Walsh's death was prophetic because the Hibernian School inspired Major-General George Hewitt to start an infant orphanage for children of the Royal Inniskilling Fusiliers (27th Foot) at Noke's Farm on the northern boundary of Parkhurst Forest on the Isle of Wight.
Evidence has recently come to light that the Board of Governors of the School and the War Office toyed with the idea of relocating the Hibernian School in Northern Ireland, which comprised a number of counties that would remain part of the United Kingdom. This evidence will be discussed in an article on the final era of a comprehensive of the Hibernia Society and school now being written. The decision, however, was taken not to find new premises for the School, but to evacuate the boys remaining in school to Shorncliffe. The Hibernian School operated as an institution separate from the Duke of York's School until 1924 when it was amalgamated.
Note: The border of swastikas adorning the 'last roll call' document reproduced above will not go unnoticed.
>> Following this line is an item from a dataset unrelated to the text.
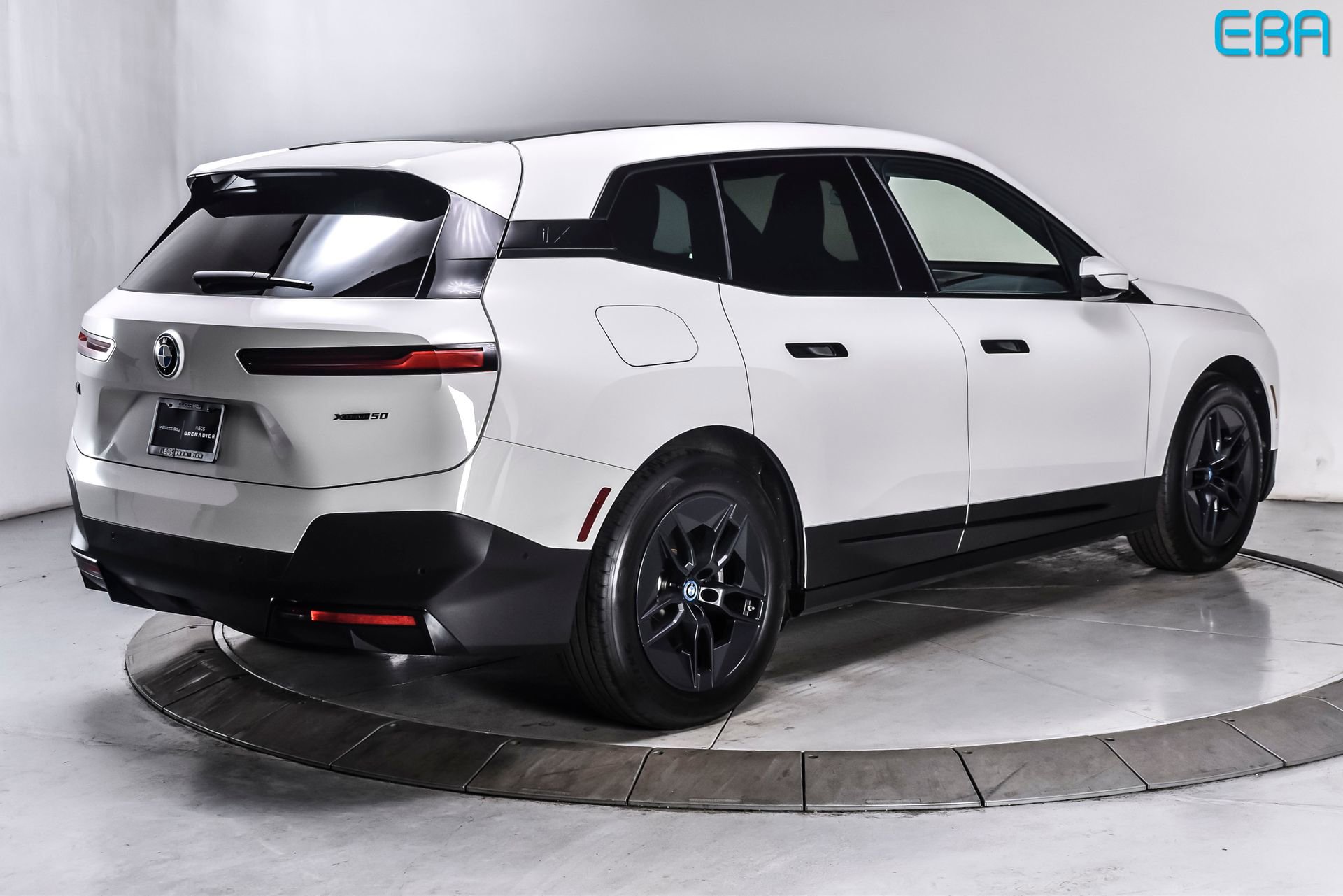 Used 2023 BMW iX xDrive50 w/ Premium Package AWD/4WD image 6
It is, however, pointed out that the swastika is an ancient symbol that has been in use for well over 3,000 years with a lineage at least equal to the Egyptian Ankh. Pottery and coins unearthed at Troy are proof that the swastika has been in common use since 1,000 BC: in China as the wan, Greece as the tetraskeion, German as the hakenkreuz, and Britain as the fylfot. The swastika symbol name adopted by the National Socialist Party of the Third Reich is of Sanskrit origin: swastika from 'su', meaning 'good', and 'asti' meaning 'to be' while the 'ka' is a suffix. Its use as a border for the last roll call of the Hibernians, or course, predates the rise of the National Socialist Party of Germany.